Early in the 1790s, as early as 1791 or 1792 if we accept the date the Japanese usually give to the set, Utamaro, then best known for his poetry albums The Silver World, the Insect Book, the Shell Book decided that just as there was more to print design than the sweeping lines and balanced compositions of an artist like Kiyonaga, there was more to women than kimono patterns and a pretty face. Just what this was he was determined to express. Instead of courtesans he decided to portray ordinary women in their daily life, and the title of the series could well be translated as “Ten Physiognomic Studies of Married Women”. By calling himself a physiognomist, Utamaro meant to call attention to the fact that he was portraying personalities, not simply beauties, and on the first prints of the set he named the type of woman he was attempting to portray. As we look at the print we are struck by the similarity of the facial types, but to Utamaro physiognomy was not limited to facial structure as it was to European students of Lavater in the same period. To Utamaro it was the gesture, the pose, the revealing pastime, that revealed, finally, a mood, which conveyed a personality more vividly than words could.

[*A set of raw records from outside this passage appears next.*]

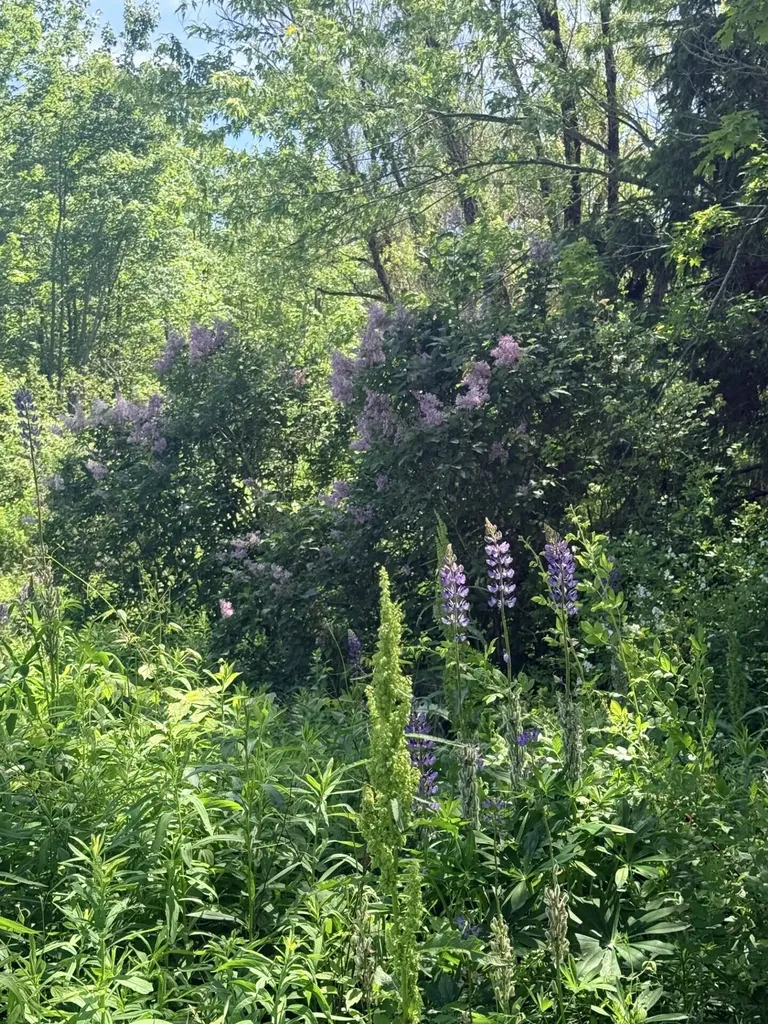 1769 Washington Road Waldoboro ME 04572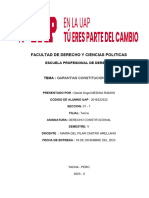 TRABAJO ACADEMICO DERECHO CONSTITUCIONAL Monografia-Garantias-Constitucionales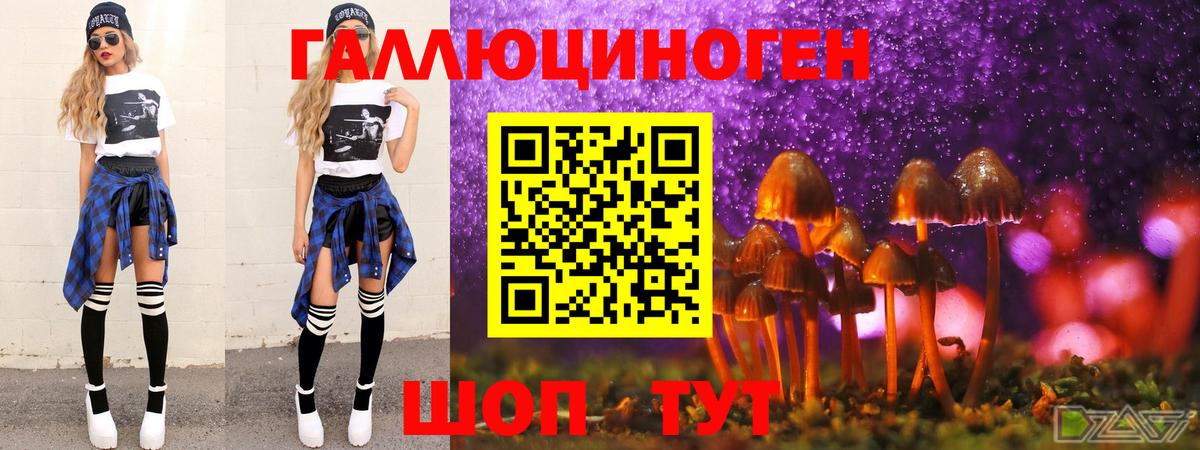 Междуреченск  Псилоцибиновые грибы Psilocybine cubensis  Вход с VPN 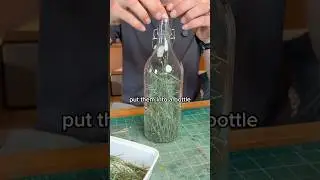 Превращаем дерево в газировку 🌲=🥤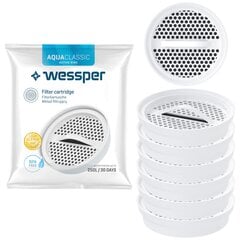 Disku ūdens filtrs Wessper Actitex, 6 gab. cena un informācija | Ūdens attīrīšanas sistēmas un filtri | 220.lv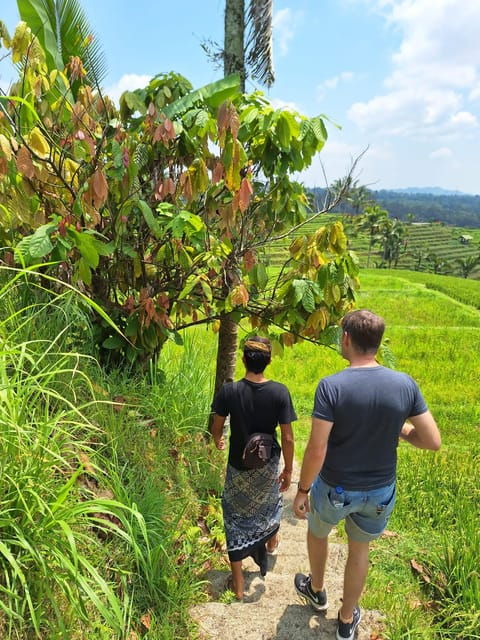 beauty-the-nature-north-of-bali-tour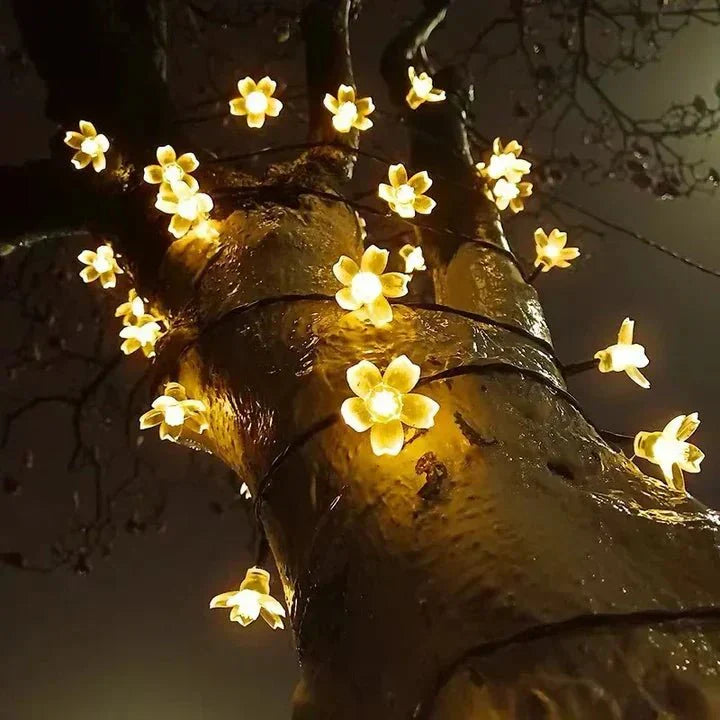 Frendorf | Lumiblossom: beleuchte mit Liebe deinen Garten in Blumen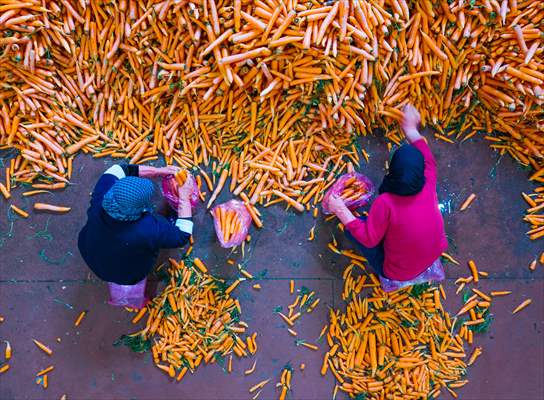 Hatay’da havuç hasadı başladı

In this picture the woman has just applied blackening to her teeth, and is looking at them to see if it is even, in a mirror. Blackening, onohaguro, was a fluid made by oxidizing iron in vinegar. In the Edo period it was used cosmetically, but only by married women. According to one miscellany of the time this was because black was the colour of permanence and showed that the love between husband and wife would not change. Since blackening was a liquid, it was usually applied over a basin, and the woman in the picture is kneeling/leaning forward, and supporting herself with her left hand on the floor beside the basin while she holds the mirror up to her view with the right.
This print, which is quietly justly considered one of Utamaro’s masterpieces, is printed with great delicacy. The kimono seems intentionally mottled as though the girl may have recently come from the bath, and there is a faint rose flush around her eyes. She does indeed seem “loveable”.

Reproduced in: Ingelheim catalogue, no. 58.
Riese, Asiatische Studien, 1972, p. 95, no. 18.
Ukiyo-e Taipei, Vol. 5, no. 18 (colour).
Other impressions have been reproduced too frequently to describe.